Dec 25, 2005

I have never much desired to play online multiplayer games, nor have I ever really undertstood their appeal. A few weeks ago, a friend of mine urged me to try out Second Life. I did download the game and install it on my laptop, but played only ten minutes into before my machine overheated ... moments before I would have become bored enough to quit voluntarily.

I believe my reluctance to play such games has much to do with an unwillingness to put in the effort required to learn the basics and build up my skill levels. More often than not, it seems like more work than fun, at least to begin with. Just as I have to "get into" a record for it to become a favourite, I would have to do the same with a game. The older I become, or rather, the more advanced video games become, the more difficult that is for me to do. I am simply not the passionate gamer I used to be. I have positively no interest in playing rubbish like Call of Duty: The Big Red Turd, Halo, Everquest, or Warhammer 40k Space Marine Assault Squad Premium Edition. The idea of even attempting to enjoy games like those is well beyond my ability to fathom. I would rather... read a book. Or write. Or wander around. PC gaming just isn't for me.

Regardless, I have been wanting to try my paw at Second Life again. I would like to have Akuro show me exactly what you're supposed to do in that game, and how you transform your boring, dull human character into a furry anthro as quickly as possible.

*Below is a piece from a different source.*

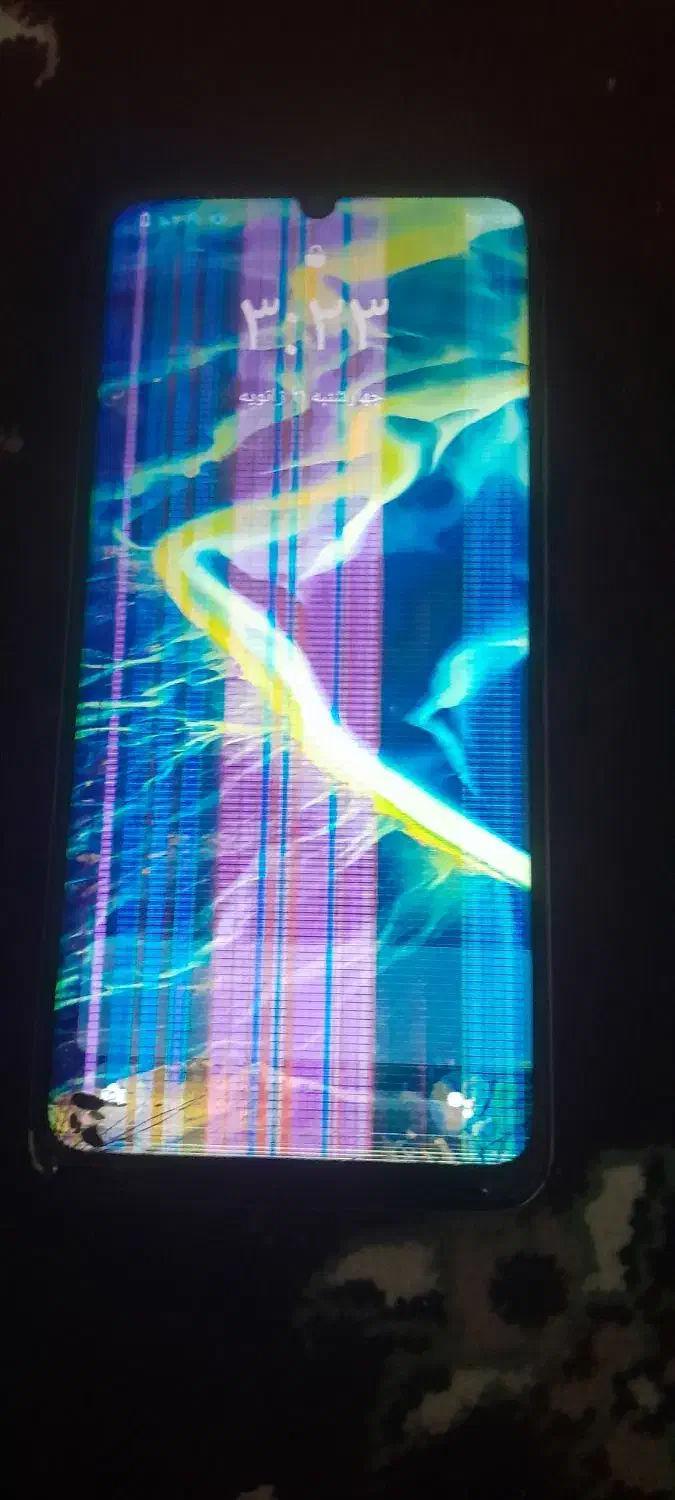 گوشی|موبایل|رفسنجان, |دیوار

Though, something about the game's name intimidates me. I really don't care to become addicted to the point where my "first life" seems to become secondary. The thought of some sweaty, obese nerd sitting at his computer for hours and hours stocking items in his virtual shop and building his character's levels for the next epic battle, before eventually going out to Taco Bell with his nerdy gamer friends and being unable to converse about anything but the game they just played just depresses the hell out of me. I never want to be like that, so I hope this game doesn't become "addicting." I think the game would be a fine way of meeting more new furs and having an enjoyable time for 1-3 hours per day.

As for video games in general, I believe I am simply going to forget about the present and future, as very little out there interests me at all. I want to catch up on some quality NES, SNES, and N64 games I missed. If I could replace all those X-Box and PS2 titles in my local Gamestop with the greatest NES and SNES games ever made, I would in a heartbeat. Then while the hardcore current generation gamers are off bragging about the premium graphics and awesome explosions on their military training simulators I would be sitting in my cozy little room playing my brand new copy of Secret of Evermore, becoming lost in a beautiful game that not only requires imagination, but also inspires it.